During a Nightline segment some years ago, discussing an anniversary of
the Woodstock music festival, I heard Carlos Santana, one of the
Woodstock musicians, debating two other people about the significance
and legacy of the event. Santana talked vaguely about a consciousness
legacy of the period and some other mystical aspects. One of the other
people interviewed, who happened to be President Carter's former press
chief, argued that the significance was a destructive legacy of drugs.
Santana replied in substance, You have your reality and I have my
reality. That reply, in one concise phrase is one of the true
destructive legacies of the borderline Sixties and Seventies-and
Woodstock. Anyone could make up any desired version of anything and it
was still to be regarded as reality. Anyone was entitled to his or her
own version of reality. Conversely, anyone could arbitrarily deny any
aspect of reality which did not suit him.
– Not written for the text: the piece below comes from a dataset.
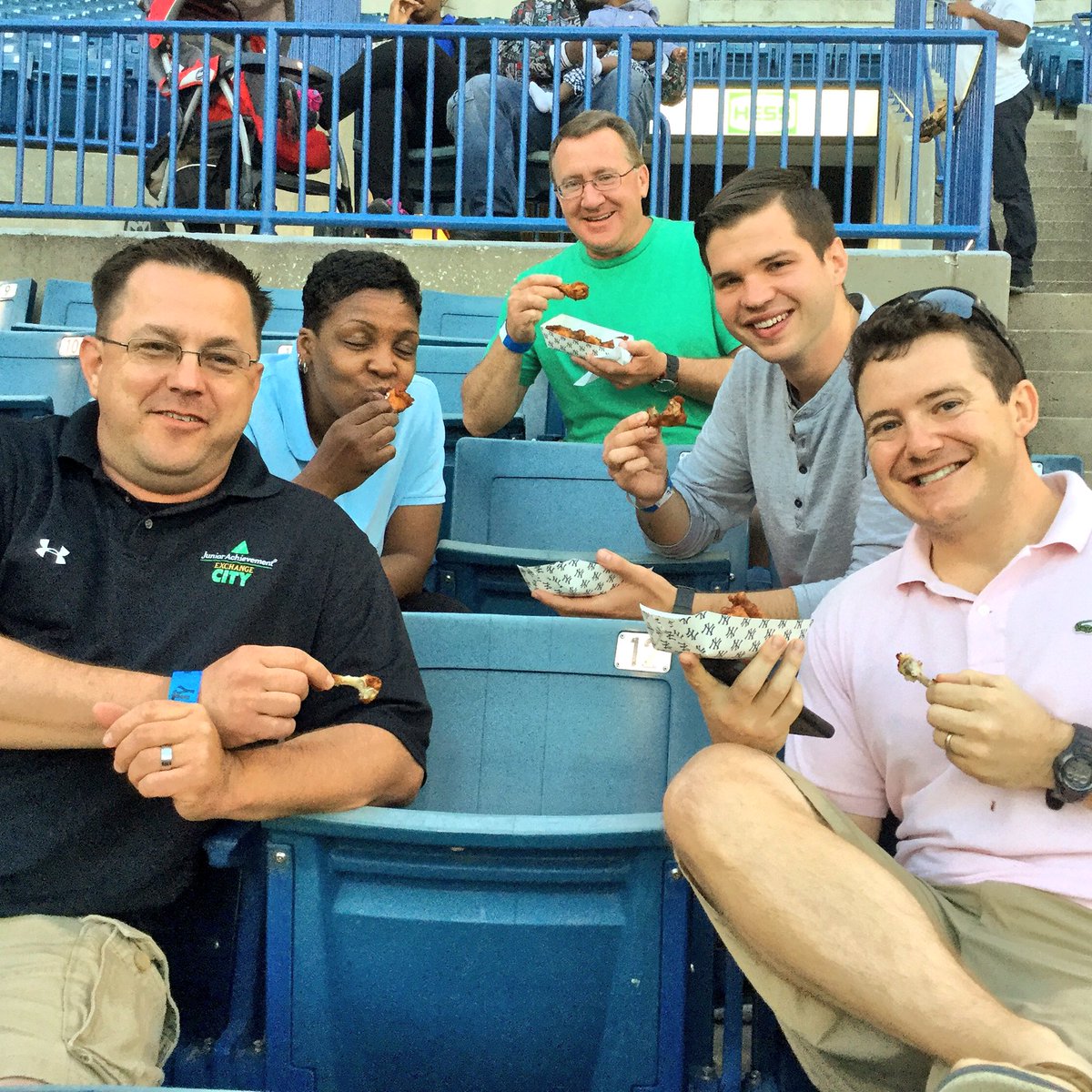 TampaTarpons's tweet image. Friday home games are FANtastic  because it's all you can eat chicken wings!! 🍗😊⚾️ #wingsfordays #tybaseball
Regardless of any arguments to the contrary, the conventional real world
with its lawfulness of cause, effect, and consequences is the only world
I, or you, have. Regardless of whether we would like to hallucinate a
different world, or wish there were a different world, or wish there
were different consequences, or argue for the validity of subjective
experience over reality, or argue that subjective experience is the only
reality; the conventionally defined sane (conventionally sane as was
defined in this country before the borderline Sixties) method of
interacting with that world is the only one that works over time.
Violation of that working principle points one rather consistently,
objectively or subjectively, unto the house of defecation.

There is only one reality. In Mr. Santana's case the reality is that
many of the people who appeared on that same stage subsequently died
from drugs within a few years after Woodstock. Some of the others
weren't even that lucky and destroyed themselves incrementally over a
period of years. That is the reality that is.

Whether he or others want to accept it or not, will not change it. That
is the reality that is. Continued irrelevant argumentation will not
change that. That is the reality that is.

When Debate Is Futile

It is a fact of life that you cannot win an argument with someone who is
not sane. Sane bystanders may come to agree with your presentation, but
you have no way of convincing someone who is not sane of anything. This
is implicit in the definition of insanity. This is inherent in the
psychotic process or borderline-psychotic process of reality-denial. The
rules of rationality, and basic reality, are not recognized in the
insane world. As a consequence, the valid rationality of an argument is
not recognized in that world. Neither is irrationality recognized in
that world. Given those two conditions, no intellectual leverage is
possible to establish agreement on the truth.

There are several entirely different reasons why any given argument or
explanation cannot be refuted.

One reason an argument may be irrefutable is that the argument is so
incoherent as to be irrefutable. It is more mental disturbance than it
is argument. If someone says something is true, or says they should be
allowed to do something, because glack sbutz ta snirt kluda zohx opleg
hawpikw, no direct intellectual refutation is possible.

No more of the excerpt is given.